1: A polypeptide immunogen comprising an amino acid sequence at least 85% identical to SEQ ID NO: 1, wherein said polypeptide provides protective immunity against S. aureus and wherein if one or more additional polypeptide regions are present said additional regions do not provide an terminus containing amino acids 1-27 of SEQ ID NO: 3.

2: The polypeptide of claim 1, wherein said amino acid sequence is at least 95% identical to SEQ ID NO: 1.

3: The polypeptide of claim 2, wherein said amino acid sequence consists essentially of SEQ ID NO: 1.

4: The polypeptide of claim 3, wherein said polypeptide consists of the amino acid sequence of SEQ ID NO: 1 or Met-SEQ ID NO: 1.

5: An immunogen comprising an amino acid sequence at least 85% identical to SEQ ID NO: 1, and one or more additional regions or moieties covalently joined to said amino acid sequence at the carboxyl terminus or amino terminus, wherein each region or moiety is independently selected from a region or moiety having at least one of the following properties: enhances the immune response, facilitates purification, or facilitates polypeptide stability.
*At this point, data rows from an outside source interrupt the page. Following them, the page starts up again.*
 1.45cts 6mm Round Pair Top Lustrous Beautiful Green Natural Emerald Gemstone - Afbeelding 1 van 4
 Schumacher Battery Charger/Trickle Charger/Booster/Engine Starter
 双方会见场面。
6: A composition able to induce a protective immune response in a patient comprising an immunologically effective amount of the immunogen of claim 1 and a pharmaceutically acceptable carrier.

7: The composition of claim 6, wherein said composition further comprises an adjuvant.
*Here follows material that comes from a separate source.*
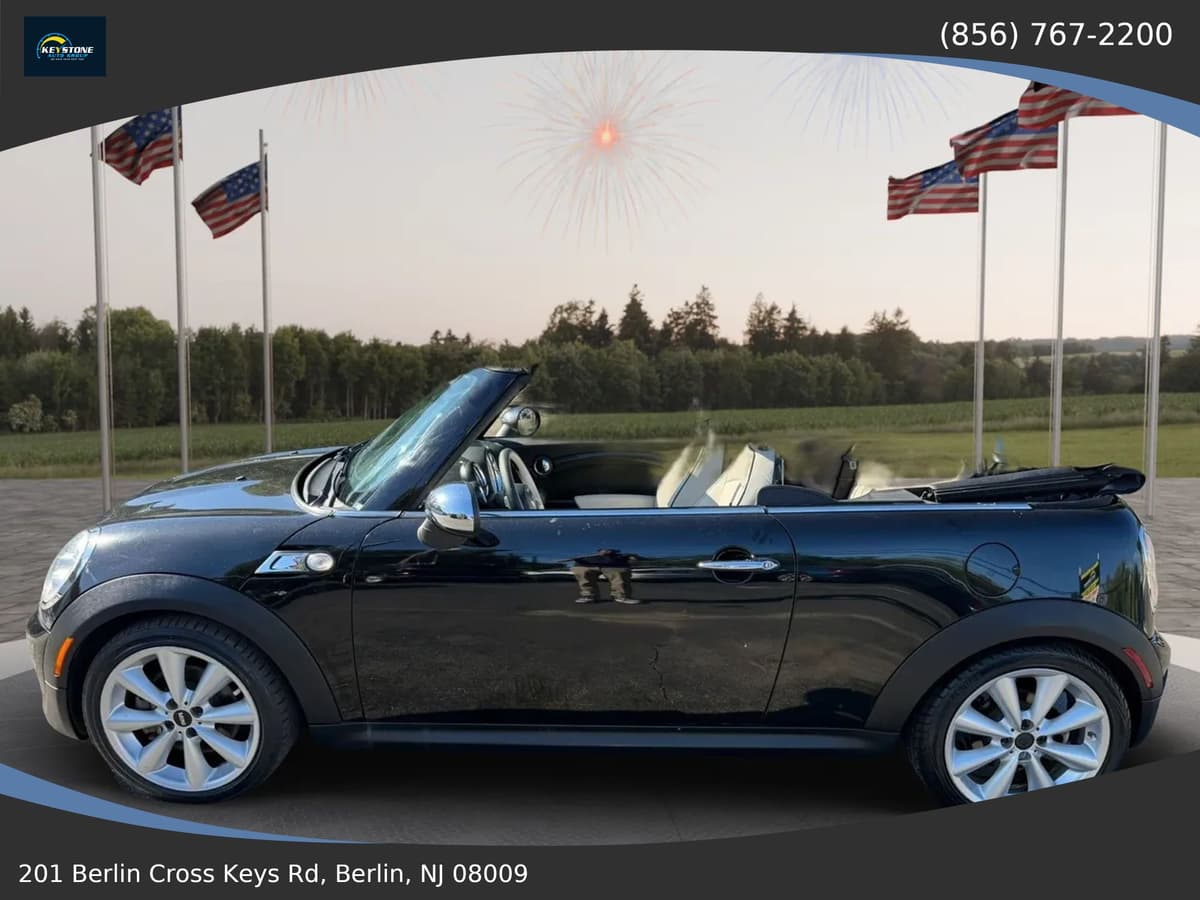2014 MINI Cooper 35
8: A nucleic acid comprising a recombinant gene comprising a nucleotide sequence encoding the polypeptide of claim 1.

9: The nucleic acid of claim 8, wherein said nucleic acid is an expression vector.
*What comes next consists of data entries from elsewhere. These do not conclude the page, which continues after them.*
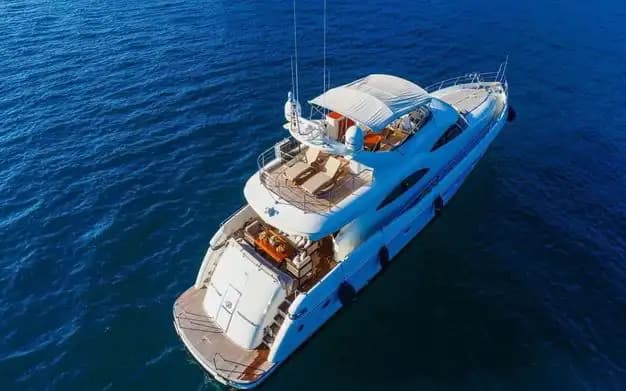 27 Metre, 24 Kişilik Antalya Merkezde Lüks Motoryat ile Mavi Yolculuk Keyfi 2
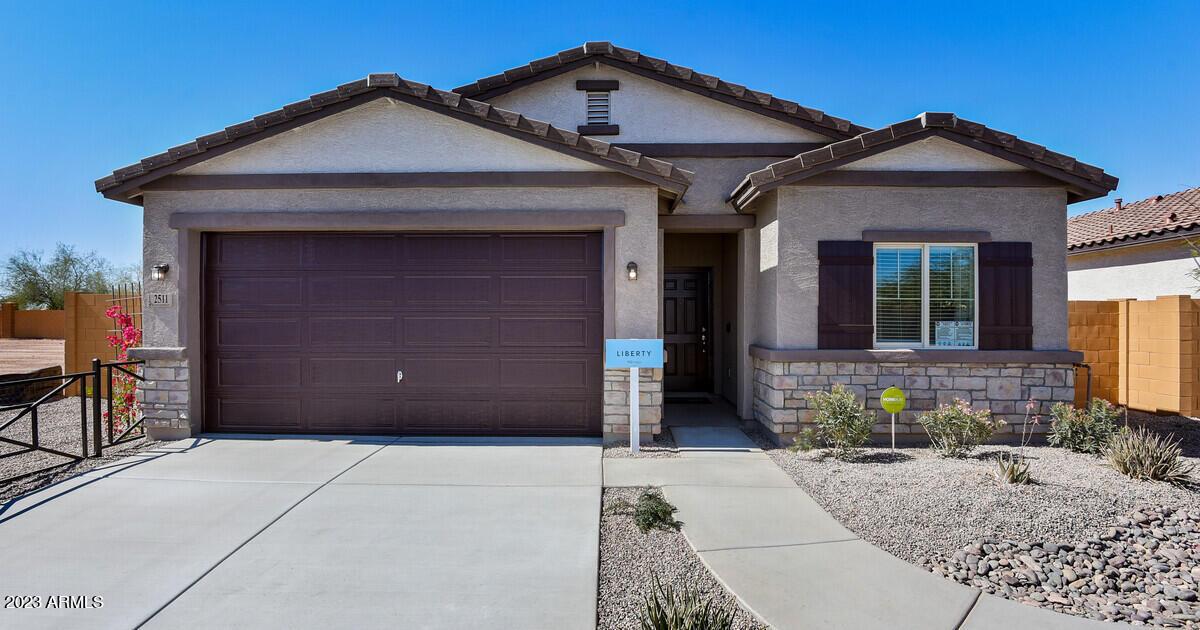 2570 N Coolidge Ave., Casa Grande, AZ 85122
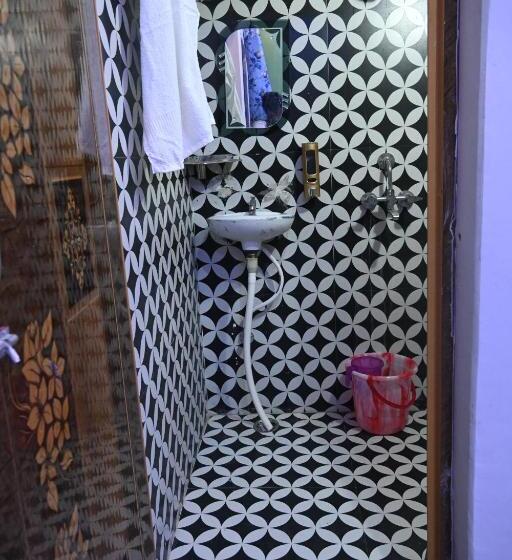 Pensjonat Swagat Paying Guest House Varanasi Near Ganga River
10: A recombinant cell comprising a recombinant gene comprising a nucleotide sequence encoding the polypeptide of claim 1.

11: A method of making a S. aureus polypeptide that provides protective immunity comprising the steps of: (a) growing the recombinant cell of claim 10 under conditions wherein said polypeptide is expressed; and (b) purifying said polypeptide.

12: A method of inducing a protective immune response in a patient comprising the step of administering to said patient an immunologically effective amount of an immunogen comprising an amino acid sequence at least 85% identical to SEQ ID NO: 1.

13: The method of claim 12, wherein said patient is a human.

14: The method of claim 13, wherein said patient is treated prophylactically against S. aureus infection.

15: A method of inducing a protective immune response in a patient comprising the step of administering to said patient an immunologically effective amount of a polypeptide made by the method of claim 11.